Título: Relator acatará emenda que prevê demissão de diretores de agências
Autor: Lyra, Paulo de Tarso e Jayme, Thiago Vitale
Fonte: Valor Econômico, 30/07/2007, Política, p. A8

Em meio à crise do apagão aéreo e à perda de credibilidade da Agência Nacional de Aviação Civil (Anac), o Democratas deve fazer emenda ao projeto de lei das agências reguladoras, em tramitação na Câmara, prevendo a demissão dos diretores de agências reguladoras antes do fim do mandato. As demissões ocorreriam com base no descumprimento de critérios de desempenho pré-estabelecidos. De acordo com o presidente do partido, deputado Rodrigo Maia (DEM-RJ), a demissão deveria ser uma prerrogativa do Senado e não do presidente da República. "Agência reguladora é uma função de Estado, não de governo", justificou o parlamentar fluminense.

O projeto de lei, enviado pelo governo em 2004, está com o regime de urgência aprovado, mas só deverá ser votado no plenário em meados de agosto. O relator do projeto, deputado Leonardo Picciani (PMDB-RJ), admite acatar sugestões sobre mecanismos de destituição de diretores das agências. O pemedebista, porém, faz diversas ressalvas. "Não se pode abrir a possibilidade de uma demissão política, sob comoção. É preciso estabelecer regras muito claras para que seja um afastamento técnico, com critérios", disse ele ao Valor. "O mandato das agências serve para o bom funcionamento delas."

Picciani reconhece que a crise, deflagrada pela tragédia do vôo 3054 da TAM, o fez refletir sobre os comandos de todas as agências reguladoras. "O que acontece hoje com a Anac pode ser repetido em outras agências, em outro momento.
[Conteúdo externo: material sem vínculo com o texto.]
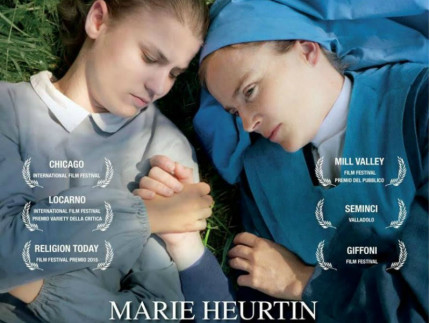 Marie Heurtin, manifesto film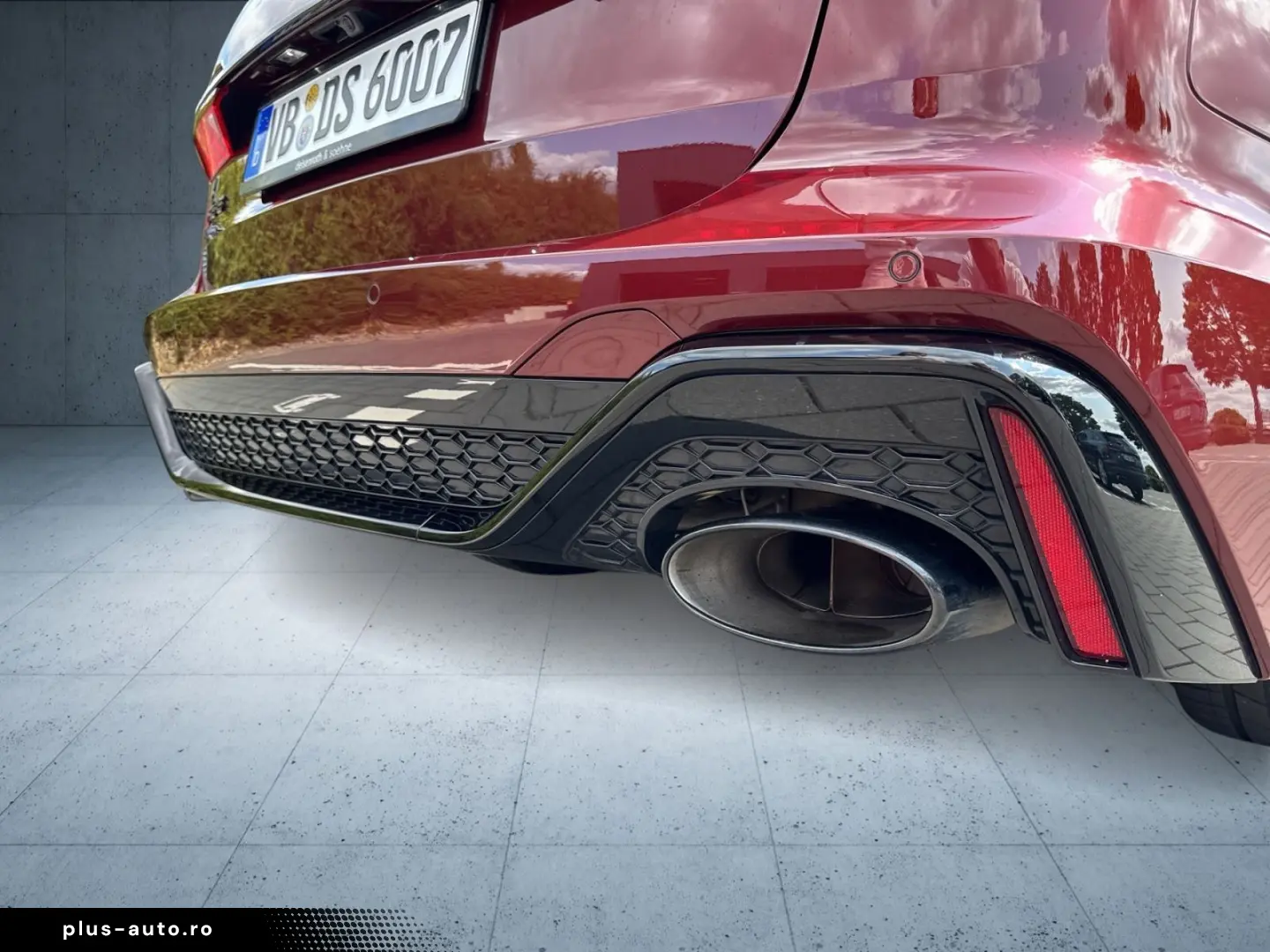 AUDI RS 6 Avant Exclusive Keramik Pano AHK StHz 305 H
Acho razoável permitir um controle social do trabalho das agências", defendeu.

Ele vê "incompetência" da Anac na regulação do setor aéreo, mas teme discutir novas regras para a demissão de diretores "sob comoção". Para ele, são frágeis as acusações de que os dirigentes da Anac não têm experiência no setor. Isso tende a prejudicar a regulação, sublinha Picciani, mas não deve ser apontado como um motivo para a destituição. "A Varig era gerida por pessoas do setor e quebrou", lembra.

Picciani defende a intensificação do controle externo das agências pelo Congresso. No máximo, segundo ele, reproduzir o sistema de intervenção na Procuradoria-Geral da República. Se o Palácio do Planalto quiser mudar o chefe do Ministério Público, precisa obter autorização expressa do Senado, mediante votação. Ele não descarta a possibilidade de incluir uma regra semelhante no caso das agências reguladoras. "Precisamos encontrar uma forma de preservar a autonomia, sem que isso sirva de guarda-chuva para a incompetência", acrescenta o deputado.
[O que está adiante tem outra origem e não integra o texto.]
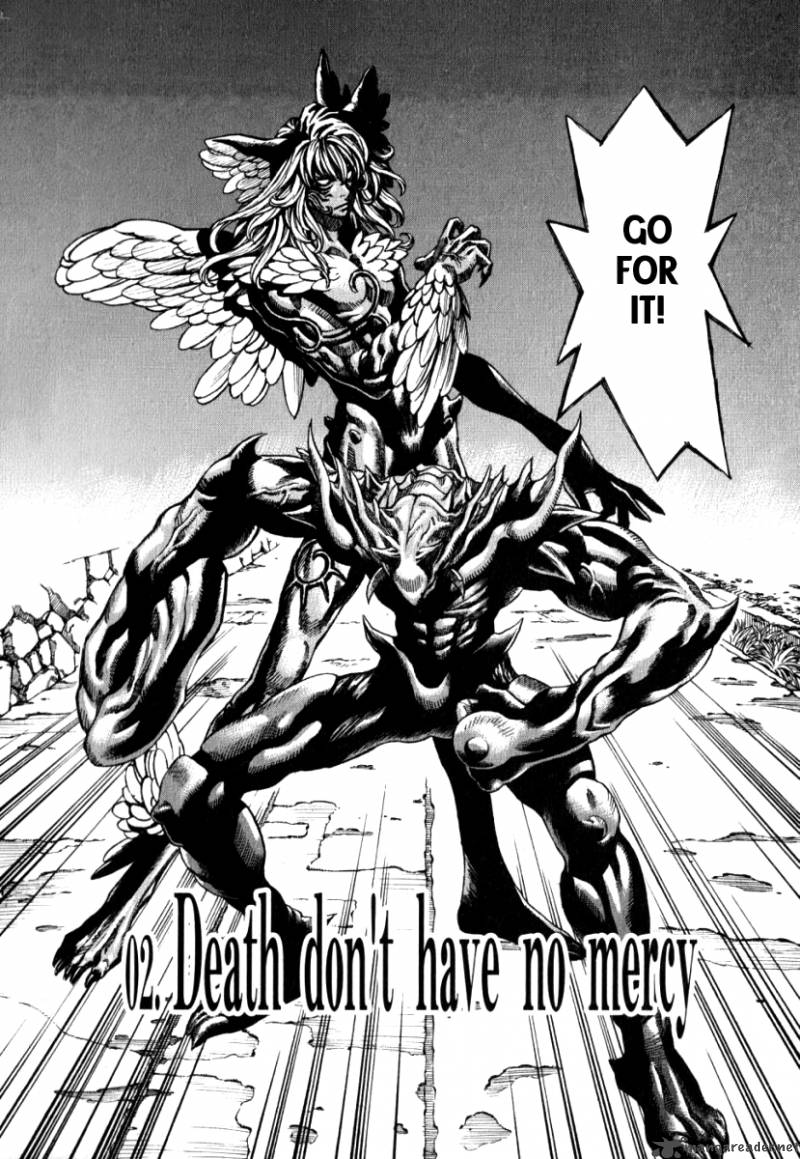 Devilman Mokushiroku Strange Days 2 2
No substitutivo de Picciani, já consta a obrigatoriedade de as agências prestarem contas ao Congresso Nacional, mas o texto não fala em metas de desempenho, como quer Rodrigo Maia. "Teríamos de regulamentar as punições para o caso de as metas não serem alcançadas", disse o pemedebista, ao comentar a proposta do DEM.

Maia considera que o projeto em tramitação na Câmara enfraquece as agências. No caso da Anac, no entanto, o democrata reconhece as dificuldades operacionais da agência. "Existe um setor da aviação que é impossível desmilitarizar, como o Cindacta (órgão que pertence ao Decea, responsável pelo controle de tráfego aéreo), por exemplo", explicou o presidente do DEM. Por isso, em sua visão, a Anac não poderia funcionar simplesmente num regime em que imperem as leis de mercado, como é o caso das telecomunicações. Isso não deve, porém, disse Maia, justificar a "inoperância" da Anac. "Em qualquer lugar do mundo, as agências devem ser um instrumento de proteção ao cidadão, não de apoio ao setor privado", observou.

O PSDB não pretende propor alterações ao texto de Picciani. O líder da legenda, deputado Antônio Carlos Pannunzio (SP), disse que o partido é contra o projeto das agências proposto pelo governo. "No nosso entendimento, já é possível ser feito o afastamento dos diretores das agências. Basta ser aberto um processo administrativo no caso de alguma irresponsabilidade do gestor. Aberto o inquérito, o presidente da República pode afastá-lo de forma cautelar", sustentou.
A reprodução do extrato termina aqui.